Cette logique du louage d’ouvrage engendre une organisation du travail complexe, en cascade. Les canuts lyonnais (des tisserands de soie célèbres pour leurs révoltes) en sont un exemple emblématique. Ils ne sont pas de simples ouvriers salariés. Ils contractent avec des négociants pour réaliser des pièces de tissu à un prix convenu, et ils font eux-mêmes travailler leurs femmes et leurs enfants pour honorer leurs engagements. A leur tour, des intermédiaires placent de l’ouvrage dans des ateliers, qui le sous-traitent à des travailleurs à domicile. Cette chaîne de sous-traitance en cascade se retrouve dans la métallurgie parisienne, dans l’industrie du tissage, dans la confection. Dans les grandes installations sidérurgiques elles-mêmes, des ouvriers qualifiés embauchent des aides à leur propre compte, sans que le directeur de l’établissement en soit nécessairement informé.

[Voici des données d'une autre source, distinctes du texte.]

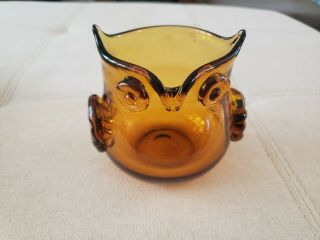 Vintage Mcm Amber Handblown Art Glass Owl Vase Blenko Style 4 " Tall X 3.  5 " Wide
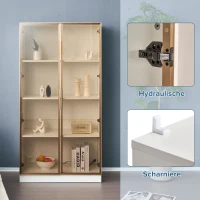 LED Display Cabinet with Tempered Glass Doors, Adjustable Shelves and Smart APP-Controlled RGB Lighting, 160L x 80W x 40H cm, White(m-7)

Adolphe Thiers, futur président de la République et bourreau de la Commune, voit dans ce système une forme d’ascension sociale accessible à l’ouvrier : en devenant marchandeur ou tâcheron (prendre un travail en seconde main), l’ouvrier peut aspirer à une mini-indépendance, à une forme d’entrepreneuriat sans capital. Cette vision libérale euphémise les rapports d’exploitation réels, mais elle révèle une réalité : la frontière entre ouvrier et patron est, dans la première moitié du XIXe siècle, bien moins nette qu’on ne le dit souvent.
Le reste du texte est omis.